Task details
If a line below contains "Storage", count it; then state how many such lines there are, and nothing else.

------------------------------------------------------------

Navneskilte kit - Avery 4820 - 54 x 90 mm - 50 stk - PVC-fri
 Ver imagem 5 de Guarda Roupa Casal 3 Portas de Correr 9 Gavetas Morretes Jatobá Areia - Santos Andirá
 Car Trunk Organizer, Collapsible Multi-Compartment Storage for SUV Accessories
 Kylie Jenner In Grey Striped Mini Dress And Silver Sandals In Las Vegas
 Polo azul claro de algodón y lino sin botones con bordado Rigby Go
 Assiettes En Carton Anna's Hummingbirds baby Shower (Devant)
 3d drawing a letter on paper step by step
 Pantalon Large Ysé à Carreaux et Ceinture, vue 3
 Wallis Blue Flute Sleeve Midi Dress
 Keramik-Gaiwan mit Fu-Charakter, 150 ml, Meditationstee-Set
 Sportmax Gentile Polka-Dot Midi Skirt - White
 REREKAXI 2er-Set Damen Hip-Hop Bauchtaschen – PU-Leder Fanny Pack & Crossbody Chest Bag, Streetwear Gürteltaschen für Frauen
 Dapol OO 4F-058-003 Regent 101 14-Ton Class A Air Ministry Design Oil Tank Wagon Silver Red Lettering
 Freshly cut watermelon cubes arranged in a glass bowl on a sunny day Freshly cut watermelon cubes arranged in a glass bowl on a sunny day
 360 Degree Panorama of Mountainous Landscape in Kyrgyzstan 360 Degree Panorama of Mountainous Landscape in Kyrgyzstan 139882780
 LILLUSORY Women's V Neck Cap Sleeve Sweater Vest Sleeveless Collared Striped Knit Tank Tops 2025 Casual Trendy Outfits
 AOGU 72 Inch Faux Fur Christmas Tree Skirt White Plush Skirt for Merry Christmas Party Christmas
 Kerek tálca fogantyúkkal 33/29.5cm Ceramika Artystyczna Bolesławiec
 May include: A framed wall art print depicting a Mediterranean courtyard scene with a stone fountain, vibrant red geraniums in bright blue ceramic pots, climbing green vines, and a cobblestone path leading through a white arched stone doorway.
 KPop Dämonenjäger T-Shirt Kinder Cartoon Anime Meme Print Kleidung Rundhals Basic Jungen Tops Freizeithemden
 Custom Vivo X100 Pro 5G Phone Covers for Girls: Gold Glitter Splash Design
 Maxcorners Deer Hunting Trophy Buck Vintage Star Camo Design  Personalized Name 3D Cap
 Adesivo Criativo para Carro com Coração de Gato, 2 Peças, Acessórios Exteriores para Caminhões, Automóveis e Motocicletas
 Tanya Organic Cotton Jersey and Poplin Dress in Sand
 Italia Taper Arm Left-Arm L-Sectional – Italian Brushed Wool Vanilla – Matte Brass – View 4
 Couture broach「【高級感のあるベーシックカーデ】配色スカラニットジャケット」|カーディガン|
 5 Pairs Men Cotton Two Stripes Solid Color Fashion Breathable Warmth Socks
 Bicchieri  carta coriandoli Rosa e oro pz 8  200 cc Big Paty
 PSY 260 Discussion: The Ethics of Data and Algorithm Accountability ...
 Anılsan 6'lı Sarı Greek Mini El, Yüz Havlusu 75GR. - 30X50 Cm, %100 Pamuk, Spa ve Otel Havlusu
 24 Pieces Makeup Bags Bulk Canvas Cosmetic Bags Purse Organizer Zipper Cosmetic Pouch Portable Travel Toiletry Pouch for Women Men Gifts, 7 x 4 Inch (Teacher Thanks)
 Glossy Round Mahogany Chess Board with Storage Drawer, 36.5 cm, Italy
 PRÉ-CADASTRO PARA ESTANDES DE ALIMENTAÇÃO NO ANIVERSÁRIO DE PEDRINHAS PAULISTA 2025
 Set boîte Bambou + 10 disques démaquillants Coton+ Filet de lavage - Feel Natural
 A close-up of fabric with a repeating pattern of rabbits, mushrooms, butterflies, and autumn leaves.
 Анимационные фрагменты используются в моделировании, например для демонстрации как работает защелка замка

------------------------------------------------------------

Written answer
2